(Short text fragments from websites)
==================================================

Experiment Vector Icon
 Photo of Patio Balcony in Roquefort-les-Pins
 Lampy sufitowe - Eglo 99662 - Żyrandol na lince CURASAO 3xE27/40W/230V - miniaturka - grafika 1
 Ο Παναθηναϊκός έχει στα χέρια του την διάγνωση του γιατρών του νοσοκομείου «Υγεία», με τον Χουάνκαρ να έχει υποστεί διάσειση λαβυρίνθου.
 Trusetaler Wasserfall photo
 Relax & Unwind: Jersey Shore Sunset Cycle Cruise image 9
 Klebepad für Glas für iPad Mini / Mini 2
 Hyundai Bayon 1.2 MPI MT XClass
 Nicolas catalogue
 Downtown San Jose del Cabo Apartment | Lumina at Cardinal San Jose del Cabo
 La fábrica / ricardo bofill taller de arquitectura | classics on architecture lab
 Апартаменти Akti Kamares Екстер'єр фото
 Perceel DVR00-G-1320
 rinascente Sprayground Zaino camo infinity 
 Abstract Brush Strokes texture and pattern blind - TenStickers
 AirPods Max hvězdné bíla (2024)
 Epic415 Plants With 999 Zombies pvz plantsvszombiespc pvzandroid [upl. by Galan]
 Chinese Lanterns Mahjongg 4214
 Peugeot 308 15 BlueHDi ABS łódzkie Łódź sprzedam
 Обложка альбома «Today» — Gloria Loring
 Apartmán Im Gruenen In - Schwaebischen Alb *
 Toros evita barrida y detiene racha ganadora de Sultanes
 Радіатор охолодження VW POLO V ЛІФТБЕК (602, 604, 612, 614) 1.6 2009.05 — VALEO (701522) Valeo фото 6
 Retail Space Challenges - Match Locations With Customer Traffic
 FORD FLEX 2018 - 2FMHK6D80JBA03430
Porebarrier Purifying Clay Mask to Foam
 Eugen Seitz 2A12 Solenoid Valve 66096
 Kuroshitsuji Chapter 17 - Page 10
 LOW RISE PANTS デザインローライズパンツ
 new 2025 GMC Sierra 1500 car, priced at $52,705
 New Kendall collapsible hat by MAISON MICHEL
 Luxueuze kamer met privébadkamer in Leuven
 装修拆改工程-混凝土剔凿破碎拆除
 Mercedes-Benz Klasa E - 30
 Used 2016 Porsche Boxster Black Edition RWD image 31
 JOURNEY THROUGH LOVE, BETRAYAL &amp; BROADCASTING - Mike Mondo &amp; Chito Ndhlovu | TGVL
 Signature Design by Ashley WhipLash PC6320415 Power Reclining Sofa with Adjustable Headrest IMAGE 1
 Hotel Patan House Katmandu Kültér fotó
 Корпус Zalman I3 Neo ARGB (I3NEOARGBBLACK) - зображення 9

==================================================

Problem.
Could you write out, exactly, each line of the data above from the one containing "Porebarrier Purifying Clay Mask to Foam" through the last, including both?

The completed task.
Porebarrier Purifying Clay Mask to Foam
 Eugen Seitz 2A12 Solenoid Valve 66096
 Kuroshitsuji Chapter 17 - Page 10
 LOW RISE PANTS デザインローライズパンツ
 new 2025 GMC Sierra 1500 car, priced at $52,705
 New Kendall collapsible hat by MAISON MICHEL
 Luxueuze kamer met privébadkamer in Leuven
 装修拆改工程-混凝土剔凿破碎拆除
 Mercedes-Benz Klasa E - 30
 Used 2016 Porsche Boxster Black Edition RWD image 31
 JOURNEY THROUGH LOVE, BETRAYAL &amp; BROADCASTING - Mike Mondo &amp; Chito Ndhlovu | TGVL
 Signature Design by Ashley WhipLash PC6320415 Power Reclining Sofa with Adjustable Headrest IMAGE 1
 Hotel Patan House Katmandu Kültér fotó
 Корпус Zalman I3 Neo ARGB (I3NEOARGBBLACK) - зображення 9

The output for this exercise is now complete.